My criticism of all these uses, including mine, does not rise to the level of a substantive critique. Within the context of these statements, the meaning and intention of the use of the term infinite is clear and uncontroversial. My purpose here is to simply note the ambiguity in the term infinite and to suggest clarification and possible substitution of other terms that have overlapping meanings without the possible misconstrual.

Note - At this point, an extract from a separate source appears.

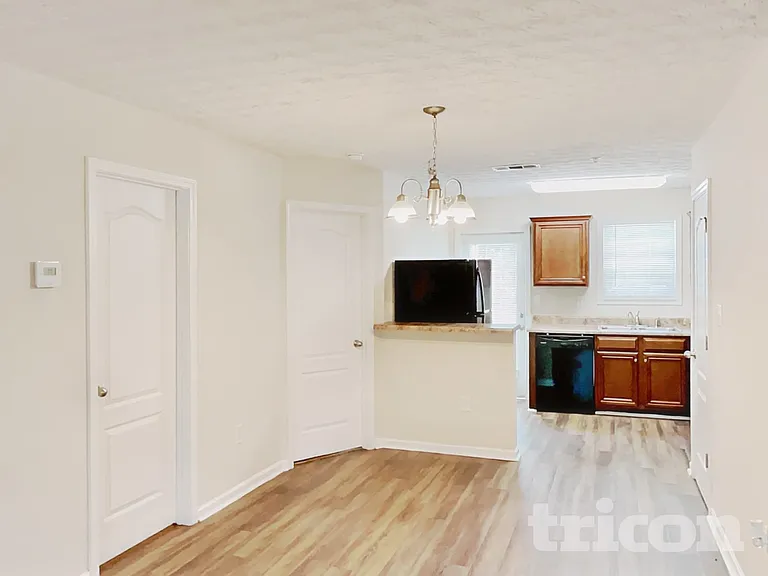1024 Weatherwood Pl — Photo 4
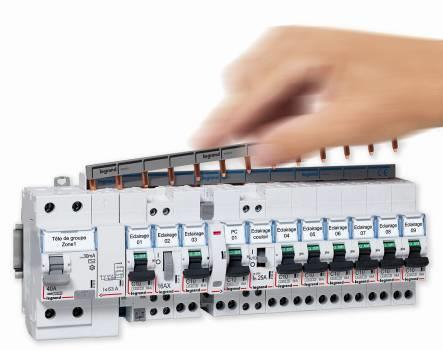 16 and 25 power contactors 4. POSITIONING - CONNECTION Installation software:. XL PRO 4. POSITIONING - CONNECTION (continued). "4NO used as a 3NO" contactor Operating position:.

There are at least two basic definitions for the word infinite: “Having no boundaries or limits” and “Immeasurably great or large.” There is some connection between the two meanings, clearly, but they are not identical. The former refers to the ontological status of the thing that is infinite, while the latter primarily refers to the ability to measure or gauge the thing said to be infinite. A thing can be practically immeasurable or unquantifiable without being limitless or boundless. I understand all of the above theological uses of the term infinite to be used in this latter sense.

But there is a theological use of the term with respect to human worth that does use the former sense, and this is with respect to the atoning sacrifice of Jesus Christ. As Anselm asks regarding Christ’s death the Cur Deus Homo of his dialogue partner Boso:

Anselm: And do you not think that so great a good in itself so lovely, can avail to pay what is due for the sins of the whole world?

Boso: Yes! it has even infinite value.

Later Boso says to Anselm, “Moreover, you have clearly shown the life of this man to have been so excellent and so glorious as to make ample satisfaction for the sins of the whole world, and even infinitely more.”

Only Christ’s life and death, as the God-man, is infinite in the sense of being boundless and limitless. All created being is by definition finite, and therefore not infinite in the first sense. Human life is infinite in the sense of not being able to be quantified in the latter sense.

For this reason, I think it is more proper to speak of human life as of immeasurable, inestimable, or inscrutable worth and value, rather than simply as of infinite value. Where the term infinite is used in a synonymous sense with these other terms, it may be acceptable. But it is more desirable to avoid possible confusion with the infinite value of Christ and use other, less ambiguous terms, instead of or as clarifiers for the word infinite.